How can I compute the error on the interquartile range of a sample? By error I mean its std deviation (e.g. error on the mean = $\frac{RMS}{\sqrt{N}}$.
The sample is from a unimodal distribution, similar to normal distribution, but with asymmetric tails.
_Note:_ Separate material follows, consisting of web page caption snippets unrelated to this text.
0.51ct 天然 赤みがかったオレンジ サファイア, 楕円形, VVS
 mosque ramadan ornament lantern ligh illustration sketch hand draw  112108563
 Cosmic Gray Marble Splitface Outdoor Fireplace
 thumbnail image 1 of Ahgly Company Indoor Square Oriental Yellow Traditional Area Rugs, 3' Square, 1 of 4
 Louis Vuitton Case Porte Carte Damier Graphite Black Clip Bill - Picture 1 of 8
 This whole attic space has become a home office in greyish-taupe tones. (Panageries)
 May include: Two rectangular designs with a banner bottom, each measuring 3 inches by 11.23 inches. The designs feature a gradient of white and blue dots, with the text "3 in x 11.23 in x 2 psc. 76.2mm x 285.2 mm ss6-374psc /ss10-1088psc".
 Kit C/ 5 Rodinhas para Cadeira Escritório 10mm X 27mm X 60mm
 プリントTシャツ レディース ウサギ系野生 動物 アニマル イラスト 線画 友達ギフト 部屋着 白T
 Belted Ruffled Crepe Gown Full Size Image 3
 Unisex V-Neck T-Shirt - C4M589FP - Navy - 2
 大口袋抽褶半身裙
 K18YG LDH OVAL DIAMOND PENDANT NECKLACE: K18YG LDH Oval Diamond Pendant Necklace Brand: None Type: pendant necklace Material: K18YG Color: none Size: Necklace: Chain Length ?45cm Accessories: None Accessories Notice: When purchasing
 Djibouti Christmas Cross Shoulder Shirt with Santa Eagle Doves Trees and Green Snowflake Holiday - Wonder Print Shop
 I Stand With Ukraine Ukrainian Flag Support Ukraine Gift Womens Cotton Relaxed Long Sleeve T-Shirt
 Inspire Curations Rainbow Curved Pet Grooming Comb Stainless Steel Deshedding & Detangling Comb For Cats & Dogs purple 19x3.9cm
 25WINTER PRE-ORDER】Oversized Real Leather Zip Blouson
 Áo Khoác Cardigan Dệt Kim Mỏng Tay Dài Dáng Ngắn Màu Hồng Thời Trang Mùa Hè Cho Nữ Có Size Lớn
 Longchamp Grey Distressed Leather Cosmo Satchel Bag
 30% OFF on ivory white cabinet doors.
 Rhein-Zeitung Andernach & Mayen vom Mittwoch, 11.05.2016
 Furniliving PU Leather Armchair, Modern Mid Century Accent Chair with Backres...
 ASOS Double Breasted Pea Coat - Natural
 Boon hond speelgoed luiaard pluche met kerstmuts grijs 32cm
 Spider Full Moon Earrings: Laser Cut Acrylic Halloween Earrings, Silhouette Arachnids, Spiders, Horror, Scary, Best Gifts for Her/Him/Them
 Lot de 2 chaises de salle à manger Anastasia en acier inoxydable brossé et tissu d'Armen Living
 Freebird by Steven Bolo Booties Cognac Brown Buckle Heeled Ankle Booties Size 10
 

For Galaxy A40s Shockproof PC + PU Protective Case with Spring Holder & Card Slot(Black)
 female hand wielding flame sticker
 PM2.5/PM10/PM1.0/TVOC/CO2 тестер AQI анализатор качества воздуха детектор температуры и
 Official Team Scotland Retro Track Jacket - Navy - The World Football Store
Bootstrapping would probably be a feasible and convenient option (I'll give a short example in R at the end of this answer). In general, the asymptotic distribution of the IQR is normal (see page 327 of DasGupta (2011): "Probability for Statistics and Machine learning: Fundamentals and Advanced Topics"). Let $f$ be the density, $F$ the CDF and the population quantile function be $F^{-1}(p)$ of a random variable. Further, let $F^{-1}(p) = \xi_{p}$. Then, the following holds asymptotically: $$ \sqrt{n}\left(\mathrm{IQR} - \left(\xi_{\frac{3}{4}}-\xi_{\frac{1}{4}}\right)\right)\xrightarrow{d} \mathrm{N}\left(0, \frac{1}{16}\left[\frac{3}{f^{2}(\xi_{\frac{3}{4}})}+\frac{3}{f^{2}(\xi_{\frac{1}{4}})}-\frac{2}{f(\xi_{\frac{1}{4}})f(\xi_{\frac{3}{4}})}\right]\right) $$
For iid observations of a normal distribution $\mathrm{N}(\mu, \sigma^{2})$, this result simplifies to: $$ \sqrt{n}\left(\mathrm{IQR} - 1.349\sigma\right)\xrightarrow{d} \mathrm{N}\left(0, 2.476\sigma^{2}\right) $$. So asymptotically, the standard deviation is $1.573\sqrt{\frac{\sigma^{2}}{n}}$.
Let's illustrate the bootstrap with an example where the population has an exponential distribution.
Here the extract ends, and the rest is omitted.